> [Problem]
Beneath this sentence is a listing. Return its lines from the one containing "400 New Street, Johnson City, TN 37601" through the last, exactly, and omit the pictures.

> [Data shown]
◆ ◆ ◆ ◆ ◆ ◆ ◆

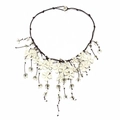 Collana a fiori bohémien multistrato con petali bianchi e corda intrecciata - Bianco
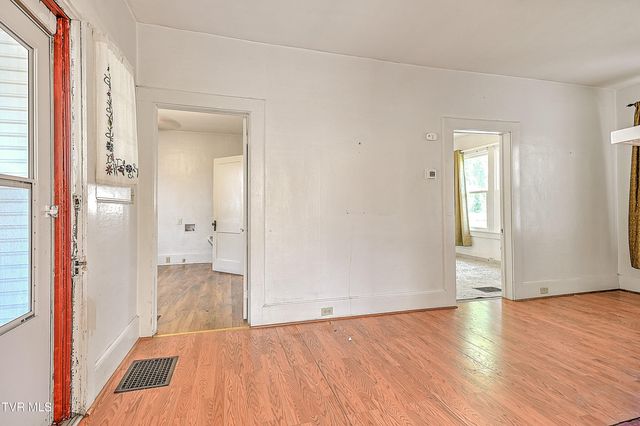 400 New Street, Johnson City, TN 37601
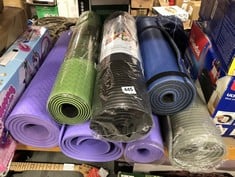 7 X ASSORTED ITEMS TO INCLUDE KAYMAN YOGA MAT BLACK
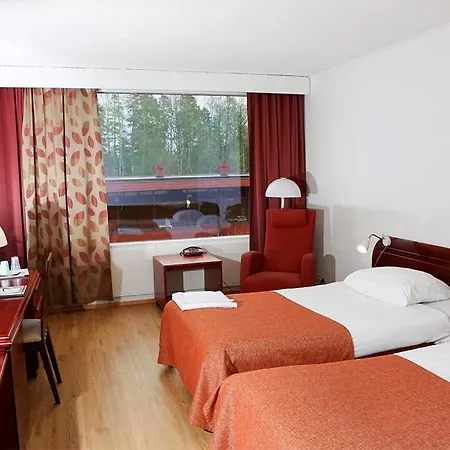 Finlandia Isovalkeinen מלון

◆ ◆ ◆ ◆ ◆ ◆ ◆

> [Solution to this exercise]
 400 New Street, Johnson City, TN 37601
 7 X ASSORTED ITEMS TO INCLUDE KAYMAN YOGA MAT BLACK
 Finlandia Isovalkeinen מלון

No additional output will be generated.